Here's a pretty simple reproducer: --- #!/bin/bash iptables -t nat -F IPTABLES-BUG >/dev/null 2>&1 iptables -t nat -X IPTABLES-BUG >/dev/null 2>&1 mt='-m tcp -p tcp --dport 42 -m comment --comment testing -j MASQUERADE' iptables -t nat -N IPTABLES-BUG for i in $(seq 1 250); do iptables -t nat -w -A IPTABLES-BUG -d 1.0.0.$i $mt done while true; do iptables -t nat -C IPTABLES-BUG -d 1.0.0.250/32 $mt & iptables -t nat -C IPTABLES-BUG -d 1.0.0.250/32 $mt done --- The problem exists only in RHEL8. Using either kernel or iptables from upstream avoids it, here's why: 1) In RHEL8 kernel, listing the ruleset bumps its generation ID. Upstream avoids that, probably with commit b8b27498659c6 ("netfilter: nf_tables: return immediately on empty commit"). 2) While fetching rules, recvfrom() call may return EINTR. Upstream iptables notices the changed generation ID and retries, RHEL8 iptables can't do that due to how cache population is integrated into calling code.

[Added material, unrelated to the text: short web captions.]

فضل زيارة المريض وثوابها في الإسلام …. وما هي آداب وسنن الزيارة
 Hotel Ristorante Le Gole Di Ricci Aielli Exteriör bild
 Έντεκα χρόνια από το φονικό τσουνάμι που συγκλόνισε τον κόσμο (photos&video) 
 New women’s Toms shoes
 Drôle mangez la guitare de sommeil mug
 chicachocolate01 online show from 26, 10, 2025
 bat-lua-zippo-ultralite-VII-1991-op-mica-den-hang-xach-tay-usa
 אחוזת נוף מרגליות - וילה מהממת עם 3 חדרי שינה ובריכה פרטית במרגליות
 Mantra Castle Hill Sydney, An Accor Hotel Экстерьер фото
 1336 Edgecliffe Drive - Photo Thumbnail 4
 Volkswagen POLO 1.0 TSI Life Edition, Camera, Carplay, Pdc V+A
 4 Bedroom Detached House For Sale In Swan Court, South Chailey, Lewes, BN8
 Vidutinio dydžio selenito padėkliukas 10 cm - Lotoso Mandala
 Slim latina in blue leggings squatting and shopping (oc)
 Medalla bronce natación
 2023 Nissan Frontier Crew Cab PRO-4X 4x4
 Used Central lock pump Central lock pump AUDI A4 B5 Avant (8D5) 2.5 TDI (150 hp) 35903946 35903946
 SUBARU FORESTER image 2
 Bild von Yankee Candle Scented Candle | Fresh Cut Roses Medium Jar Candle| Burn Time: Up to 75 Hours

Backporting the patch from 1) would avoid the problem with given reproducer, but a background job performing actual ruleset changes may cause the same situation nevertheless. Reorganizing cache handling in iptables to match upstream requires a larger backport series, probably not suitable for RHEL8. This RHEL-only fix seems to do the trick: --- a/iptables/nft-cache.c +++ b/iptables/nft-cache.c @@ -404,9 +404,12 @@ static int nft_rule_list_update(struct nftnl_chain *c, void *data) NLM_F_DUMP, h->seq); nftnl_rule_nlmsg_build_payload(nlh, rule); +retry: ret = mnl_talk(h, nlh, nftnl_rule_list_cb, c); - if (ret < 0 && errno == EINTR) + if (ret < 0 && errno == EINTR) { assert(nft_restart(h) >= 0); + goto retry; + } nftnl_rule_free(rule); --- Even with multiple other loops spinning on chain create and delete calls, this doesn't loop more than 3 or 4 times until it succeeds and given that it retries only in EINTR case, I consider it safe.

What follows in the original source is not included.